Sauf qu’il y avait aussi, chez M. B., de l’acteur, et que tout résidait peut-être dans cette tension de chaque instant entre non-jeu et jeu, entre effacement (volontaire), blancheur imposée (par moi), et construction (sans personnage cependant, presque sans), jusqu’au possible lyrisme (mais suffisamment souligné pour qu’on perçoive la distance), jusqu’à la théâtralité. M. B. était aussi un « jeune premier » et, ne l’étant pas, ou m’imaginant ne pas l’être (de toute façon, je ne suis pas comédien), j’avais besoin, je crois, que mon double filmique le soit, ou de m’imaginer qu’il le soit. Une sorte de moi idéal, donc — projeté dans une figure qui me convenait : moi, mince à l’époque, en plus grand mais pas trop (je n’aurais pas pu me projeter dans une armoire à glace, par exemple), et mieux dessiné. Un « jeune premier » brechtien. M. B. jouait sur la frange étroite entre jeu et non-jeu. Son phrasé, très éloigné du « naturel » cinématographique, pouvait être théâtral. M. B. venait du théâtre. Et moi j’y allais, traversant le cinéma en direction du théâtre.
Longtemps j’ai écrit mes pièces (et aussi, étrangement, mes romans) en pensant à lui, et à une certaine qualité de « non-jeu » bien plus cinématographique que théâtral : une présence, un point focal, un centre évidé. Mais entre mes premières pièces et la première création d’une de mes pièces, M. B. avait cessé de jouer. Du reste, il avait déjà cessé de jouer lorsqu’il jouait dans mes films. Pour être précis, il avait cessé de jouer entre le deuxième et le troisième (il y en eut quatre, en ce temps-là ; il y en aurait encore un, beaucoup plus tard, sans lui, un accident en somme). Il avait cessé de jouer au théâtre mais se tolérait encore comme acteur au cinéma. Comme s’il tolérait la caméra mais ne supportait plus la présence, la sienne.

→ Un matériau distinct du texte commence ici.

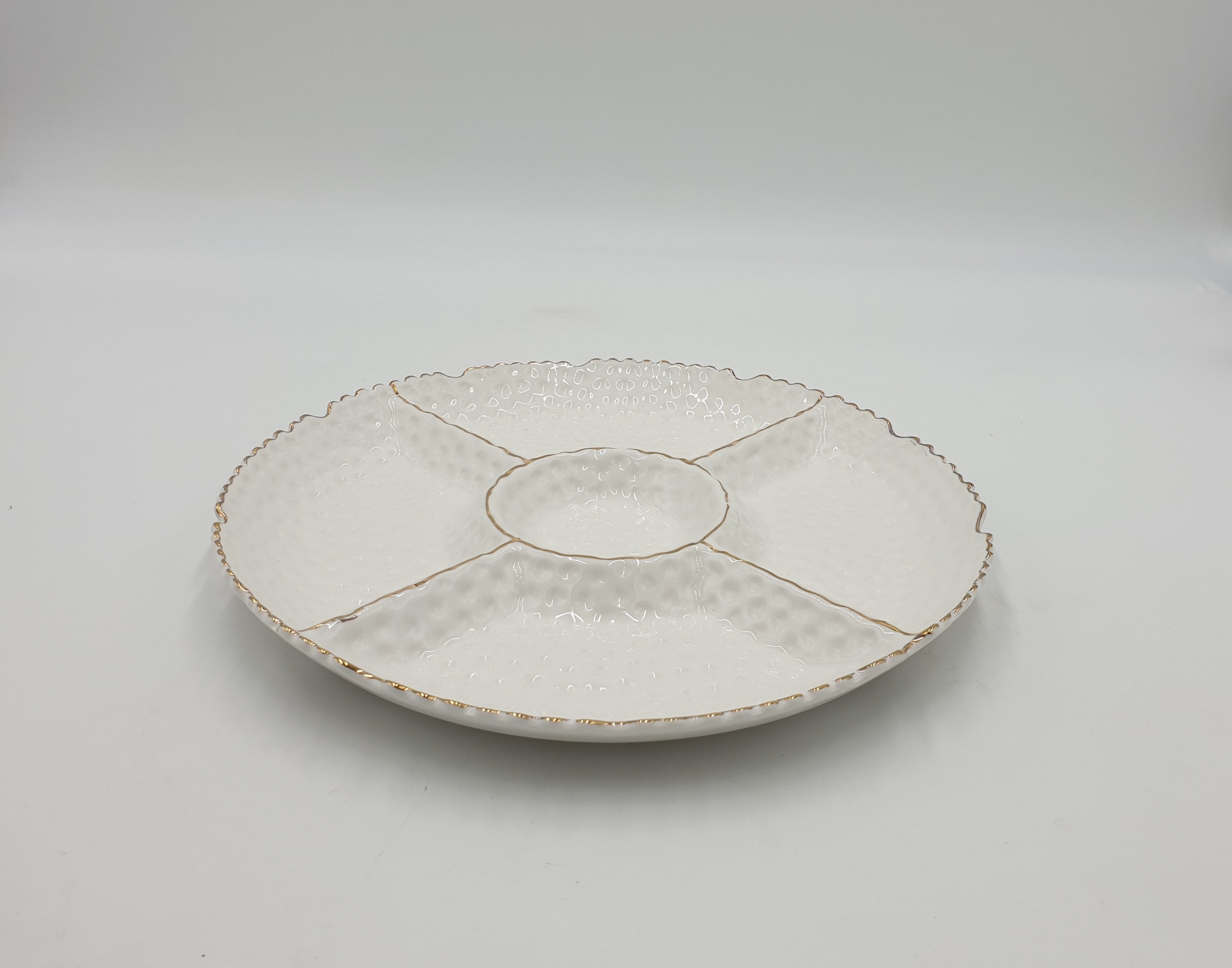 12-Piece Round Sectional Serving Plates Set - 18/Case - Perfect for Party Appetizers, Desserts & Catering Events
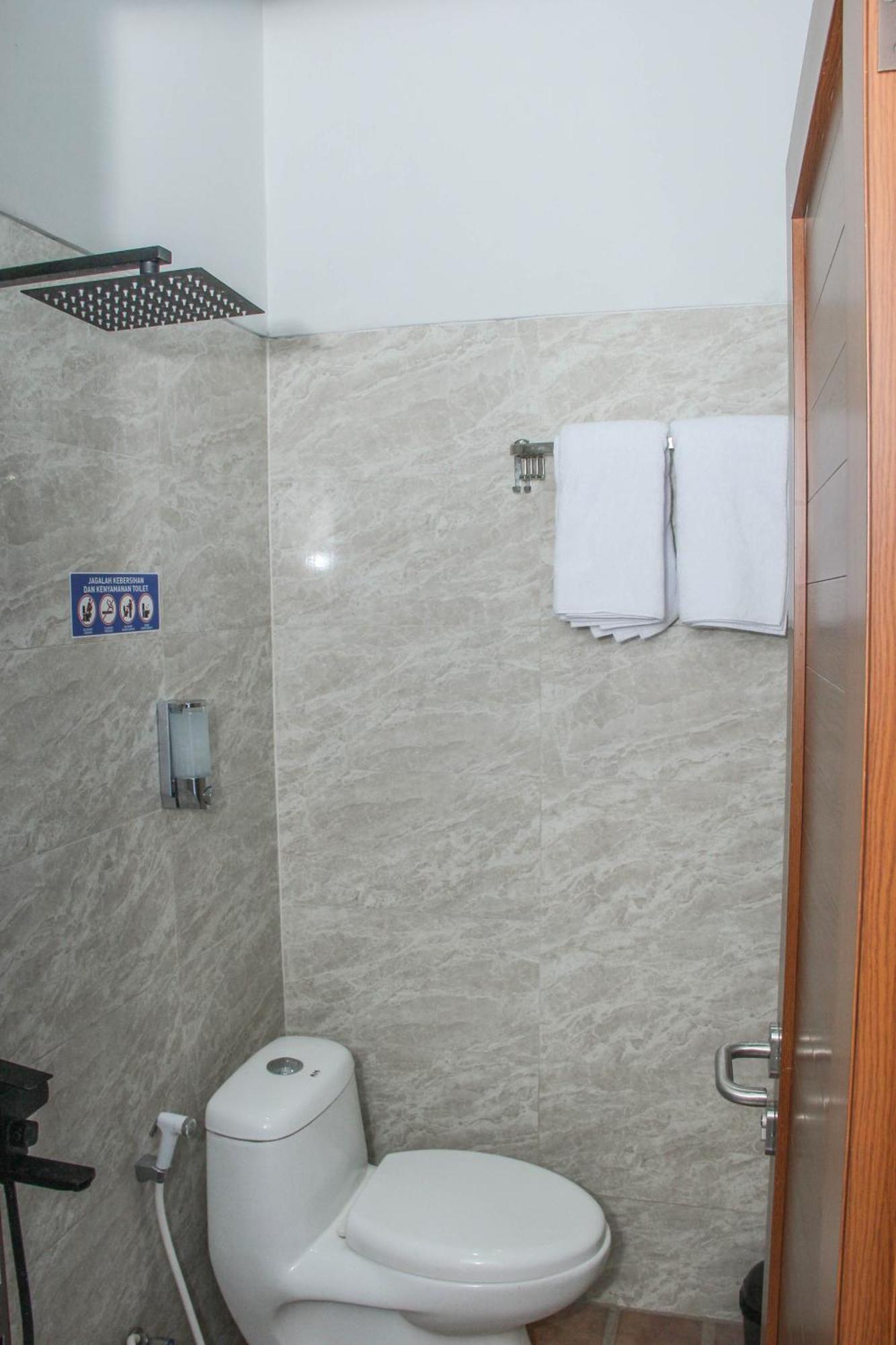 Laswi Syariah Guest House Bandung Eksteriør bilde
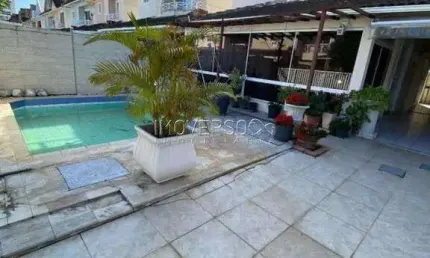 Casa à venda na Avenida Miguel Antônio Fernandes, Recreio dos Bandeirantes, Rio de Janeiro - RJ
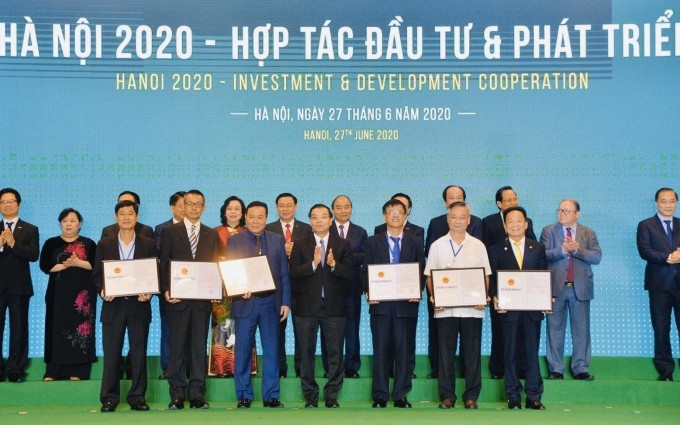 Ông Đỗ Quang Hiển, Chủ tịch HĐQT kiêm Tổng Giám đốc Tập đoàn T&T Group (hàng phía trước, thứ nhất từ phải sang) nhận quyết định chủ trương đầu tư dự án CCN Nam Phúc Thọ.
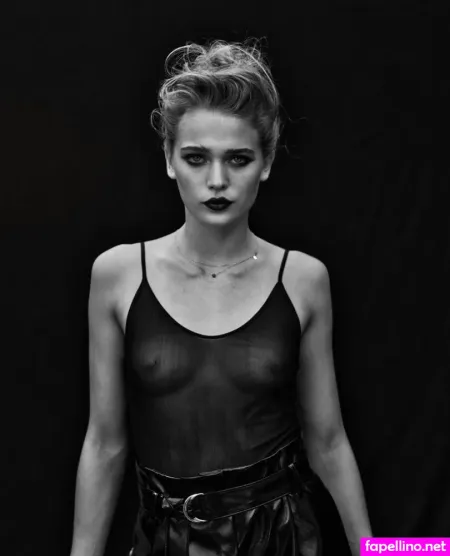 Sophie Kern OnlyFans Thumbnail #bQipqUpKQu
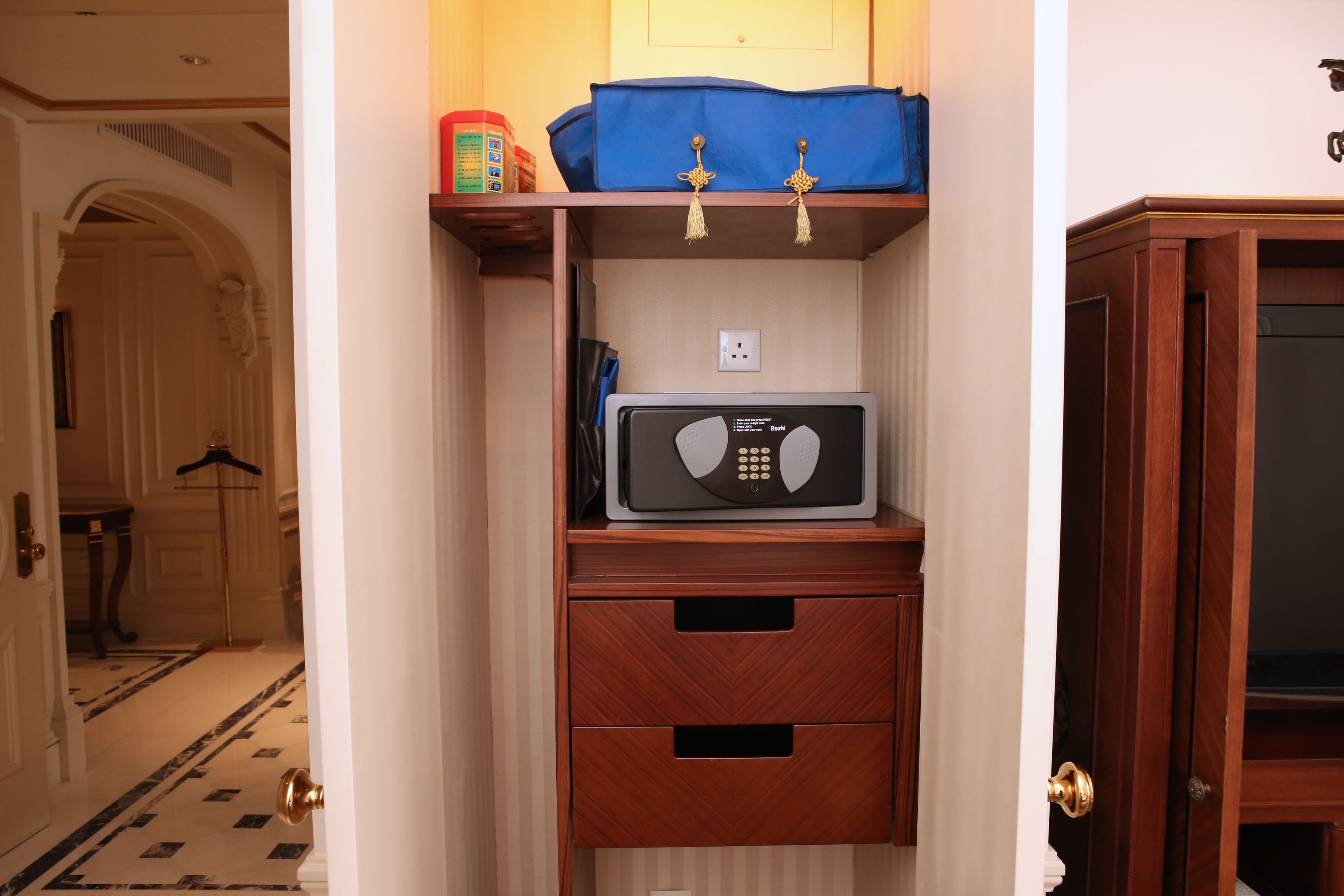 junior suite | minibar, in-room safe, desk, blackout curtains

Il serait faux de dire que j’ai cessé de penser à lui ensuite. Je crois que je n’ai jamais cessé. J’ai fait le deuil de lui et les figures que je projette, écrivant pour le théâtre, doivent garder quelque chose, dans l’immatérialité propre à l’écriture, de l’acteur perdu. J’ai cessé de faire des films, ça oui.